The next predictable events that will drive the sp are exploration and confirmation/definition of the resource. Past exploration left a clearly marked path to follow. Confirm those figures, expand in any of the several directions the deposit is open, and start to tick a well-defined group of boxes; compliant resource estimate, confirm historical metallurgy results, engineering, permitting progress, etc., and the value will increase.

In addition to that, a considerable and defining tail-wind will also be coming from outside forces.

The rise in gold is a sign of the falling confidence in the USD. Copper prices have also recently firmed up, at least partly as a result of a falling USD. This suggests that we are likely at an inflection point, much like 2001 and 2011, when major reversals in the dollar took place, with major implications for metal markets.

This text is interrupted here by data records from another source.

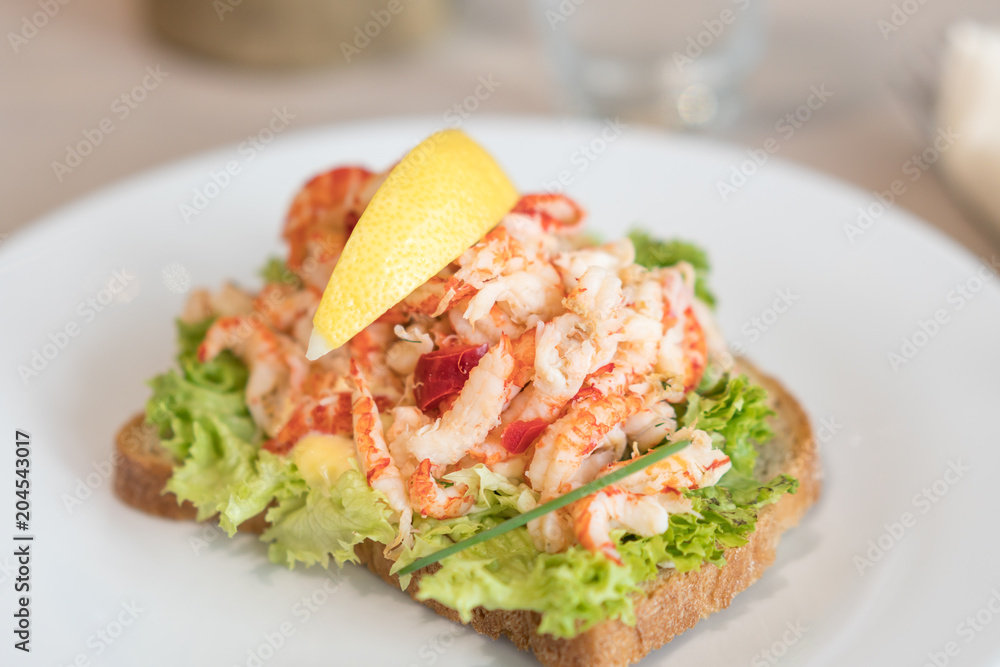 Sandwich with shrimp and lemon on plate. Sandwich with shrimp and lemon on plate.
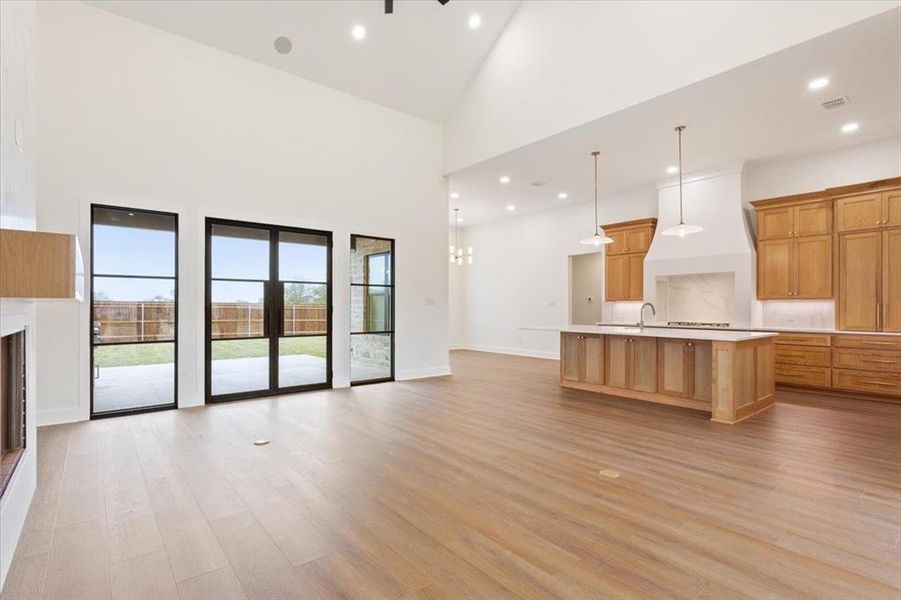 Unfurnished living room featuring light wood finished floors, high vaulted ceiling, recessed lighting, and a fireplace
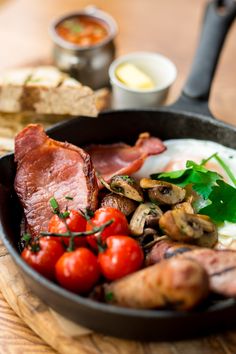 a pan filled with bacon, mushrooms and tomatoes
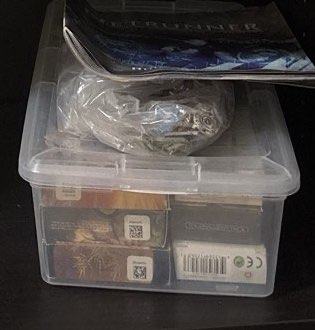 Magic: the Gathering cards in a clear storage box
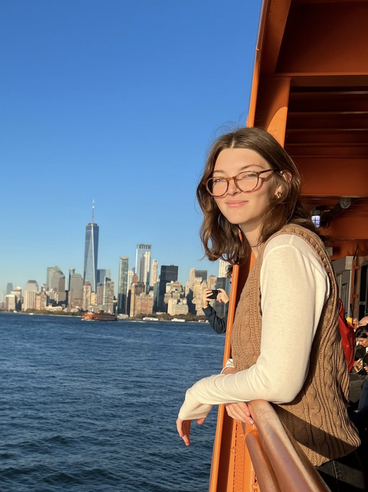 Rhiannon Wilson is leaning over a railing on a ferry outside of Manhattan.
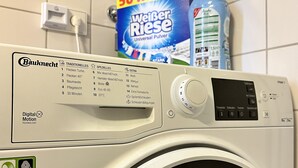 A Bauknecht washing machine with a digital display and control panel. - 90 m2 - Space to Chill & Work & Rest (München)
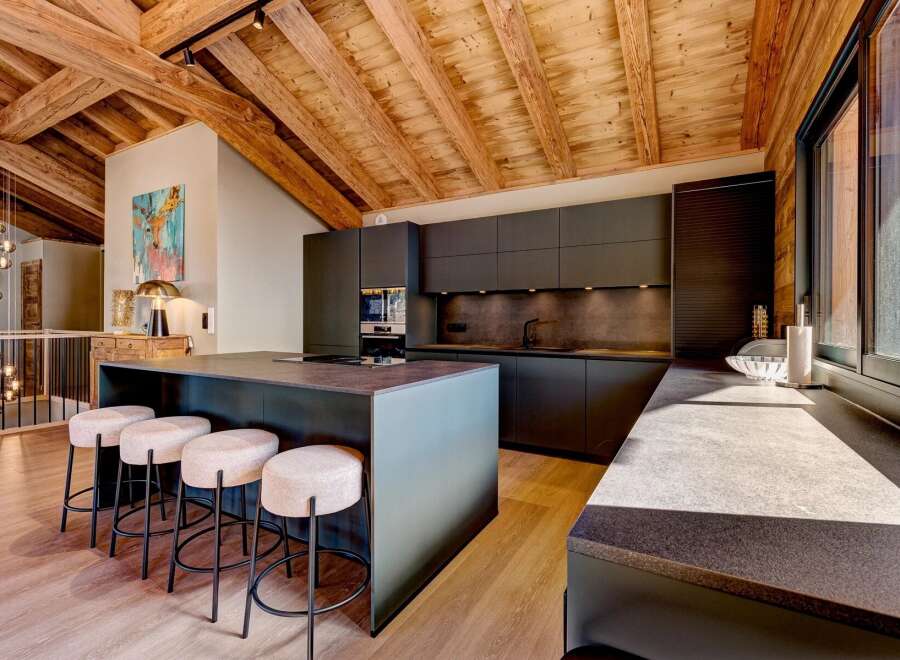 Experience luxury living in this stunning kitchen! Featuring a modern design with sleek cabinetry, a large island, and high-end appliances, this space is perfect for both cooking and entertaining.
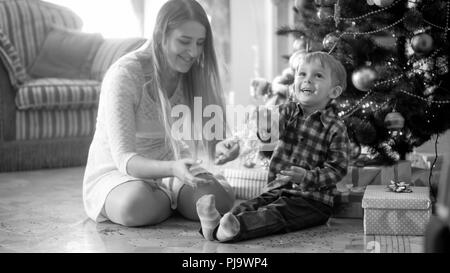 Black and white image of cheerful laughing boy throwing confetti in living room on Christmas morning Stock Photo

From 2001 until 2011 the USD dropped in value, and with each drop came a rise in dollar denominated assets, like copper. Copper rose during that period about 600%, from $0.65 to $4.50, and this coincided perfectly with the fall of the dollar. From 2011 until today copper has fallen as the dollar strengthened. 2019 will be remembered as the next inflection point for the dollar. Copper prices will rise as the dollar weakens.

That rise in copper prices will likley be strengthened by supply and demand fundamentals.

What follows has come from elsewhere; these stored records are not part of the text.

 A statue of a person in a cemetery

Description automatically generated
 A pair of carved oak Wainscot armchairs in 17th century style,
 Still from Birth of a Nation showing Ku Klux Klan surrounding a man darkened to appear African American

A falling dollar, a rise in value of $ denominated assets, copper supply shortfalls leading to even larger rises in copper prices, and a jump in values realized in copper M&A. The pace of acquisitions picked up last year, suggesting majors see his trend as well, and yesterday’s acquisition of MOD by Sandfire set a new high for a price paid for in-situ copper, about US $0.15 per pound, or about 45% of MOD’s project’s NPV.

Those are my big ideas. See you in a year, and I predict OCO’s share price will again see a 150% gain, just as it has over the past 12 months.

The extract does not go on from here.